To puritanical eyes, the Simcoe Sales Barn was nothing but a junk store. My mother especially was less than thrilled with my weekly jaunts there, and would use my hobby as an excuse for my poor grades. (This was false- I studied and did my homework, albeit without passion, since I considered school useless in preparing me for my probable future of working in a cannery.) She even told me once that she had gone by the place with some of her friends, and said aloud, disparagingly, "I know where my kid is!" This statement I think revealed more about her than me, but that is another story.

She may have seen this as yet another way for me to fritter away my allowance on comic books, but there was much more to it than that. This place was magic! There was an ambiance here that I really dug. After a few weeks, an interesting little community evolved, as vendors and customers became familiar to one another. A kinship was felt among the people before and behind the booths, and it was far less superficial than merely the vendors putting the touch on people to part with their money. There was an unspoken solidarity- all of us were just trying to get by! Being there gave one the confidence to take on those economic hard times with a fortuitous joy of life, where we didn't have much, but rejoiced in what we did.

As the weeks went on, Leo and I especially became close, as Peter became increasingly absent from the venue, attending to other parts of their business. Leo would invite me to sit down, and we'd shoot the breeze or tell off-colour jokes (Leo never laughed out loud- he'd always just smirk and shake his head while holding a cigarette in the air). We had even discussed my working for him, as the summer months loomed, and that Peter likely wouldn't be around.

And then, it ended.

Without any warning or reason, our routine Friday trek was met with the shocking discovery that the barn was empty, locked up and in darkness. This sudden departure was abrupt even to me, who hates long goodbyes. Some time in the fall, Simcoe Sales Barn reopened in the same location, but things just weren't the same. Only half the space was filled, and this time a lot of it really was junk. (If memory serves, the King Tut books were still for sale.) Few of the original vendors returned - an East Indian gentleman and I nodded recognition to one another.  No Leo. No Peter. Consequently, the traffic was practically non-existent. In short order, this place closed with as little fanfare as its predecessor.

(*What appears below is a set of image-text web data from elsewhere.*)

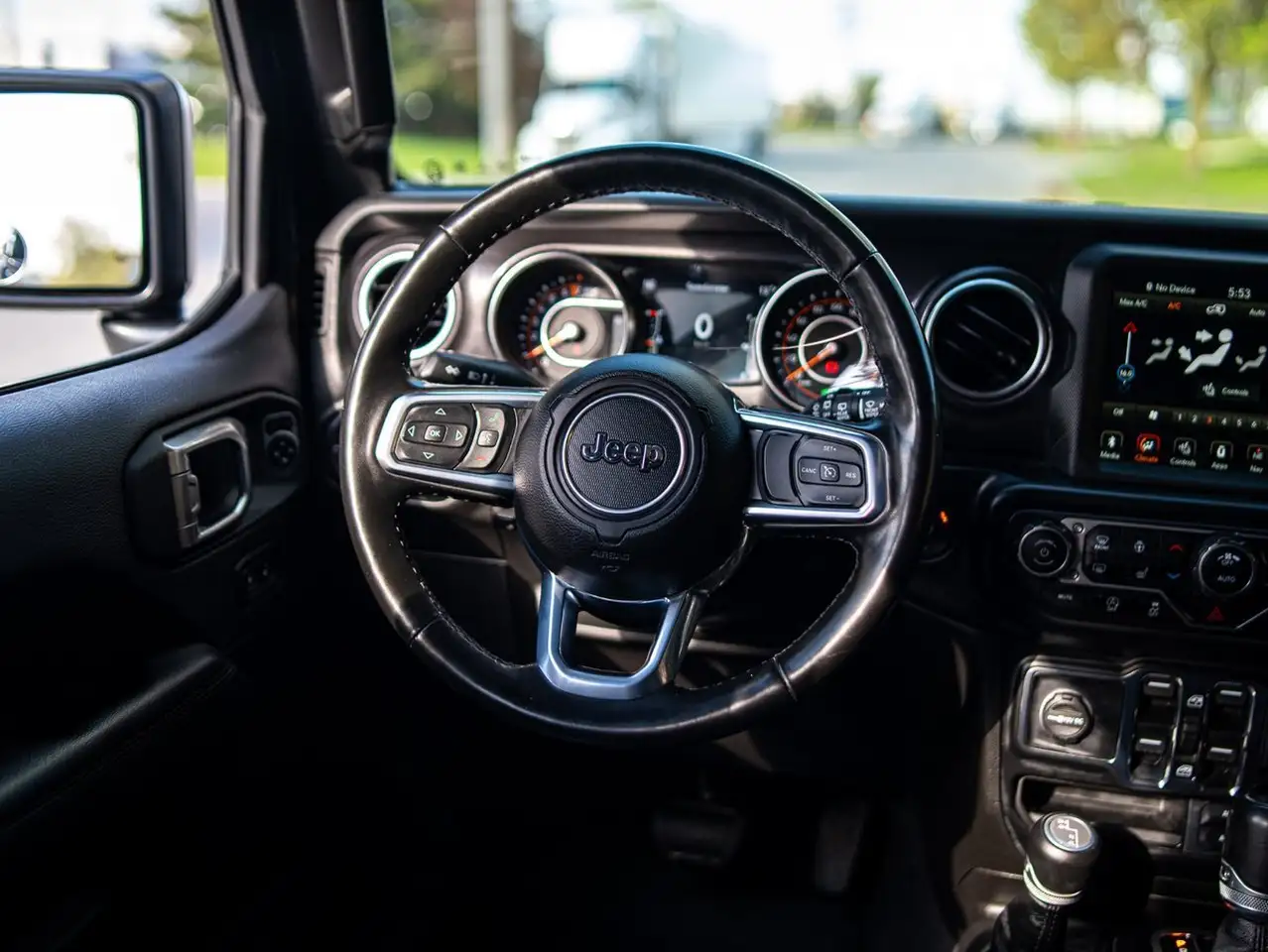 Jeep Wrangler снимка Jeep Wrangler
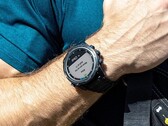 A Garmin Descent Mk2 (képünkön) hordozható készülékei új stabil frissítést kapnak. (Kép forrása: Garmin)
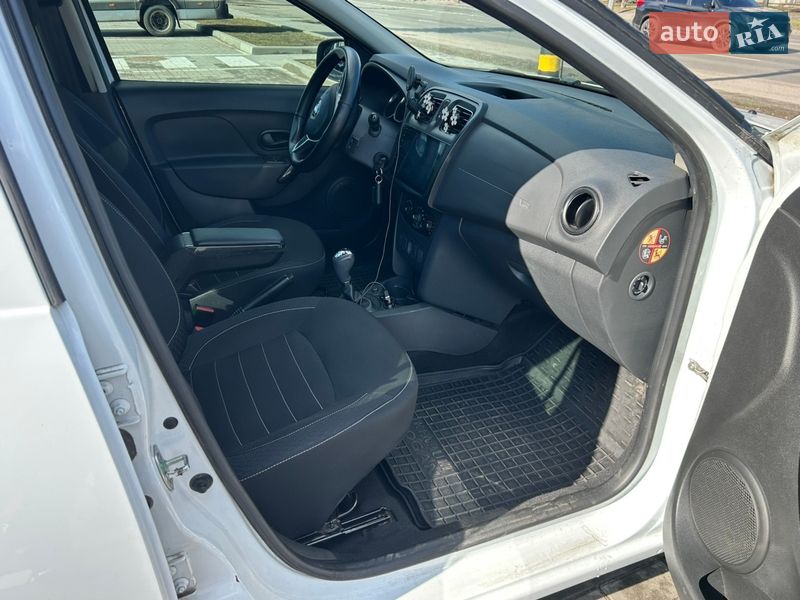 Седан Renault Logan 2021 в Черкасах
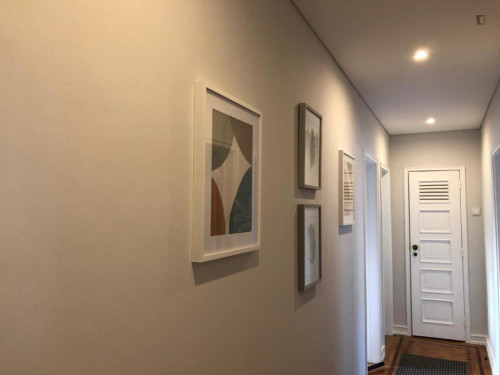 Single bedroom in a 3-bedroom apartment near Roma metro station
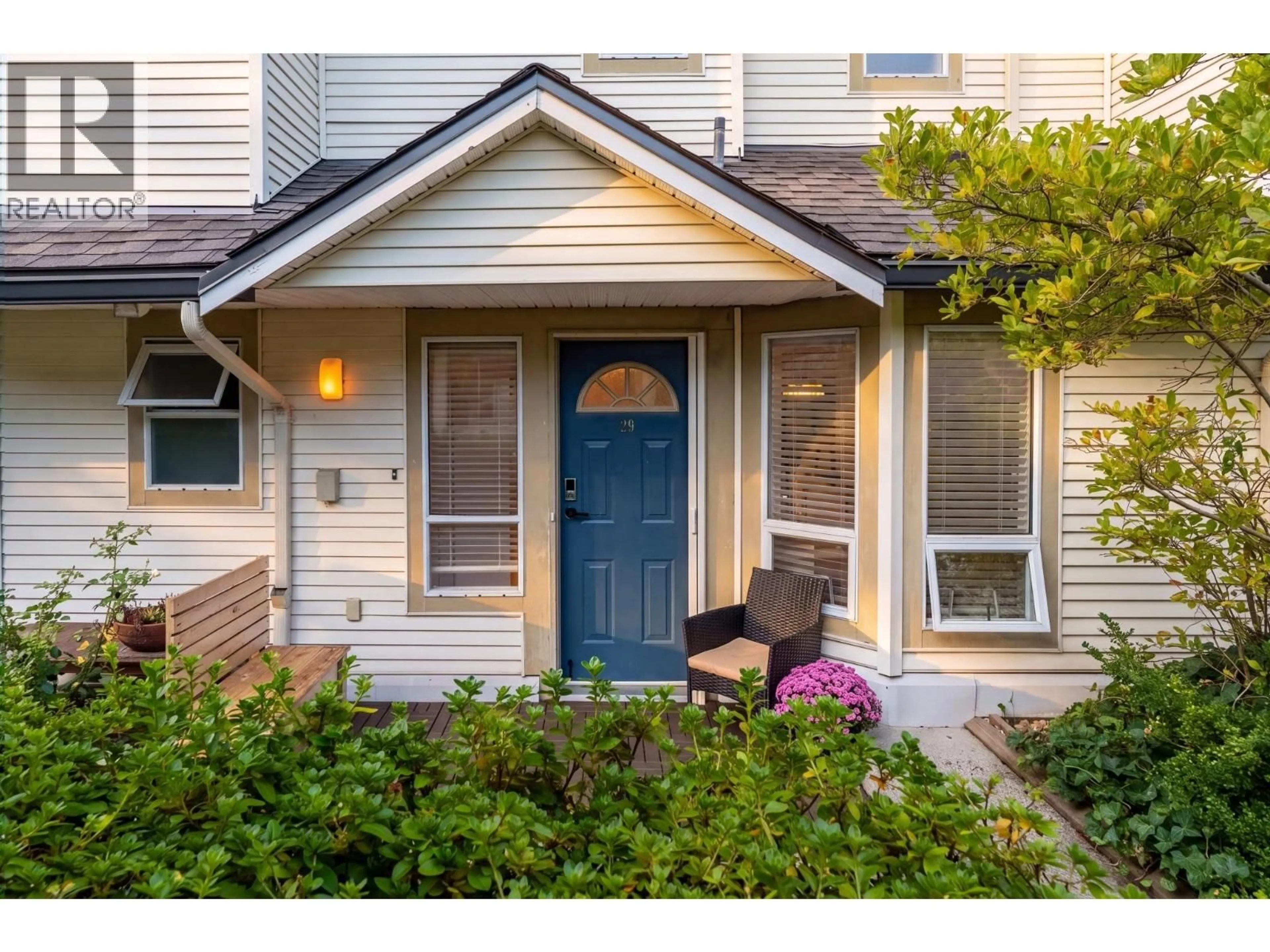 Home with vinyl exterior material, street for 29 - 4311 SOPHIA STREET, Vancouver British Columbia V5V3V6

In hindsight, this microcosm reveals itself as the first of several times in my life where I've been blessed to be part of a wonderful world where the unique ambiance and friendships evolve out of just the right coalescence of things that happened to be in the air at the time. Those moments end just as quickly when just one of the ingredients is subtracted, and any attempts to recreate that magic with other parts results in disappointment. In many ways, this place was a life lesson to a young man; even today, it isn't hard to remember that euphoric feeling which lived there. I hope some of my anonymous fellow travelers can recall it too.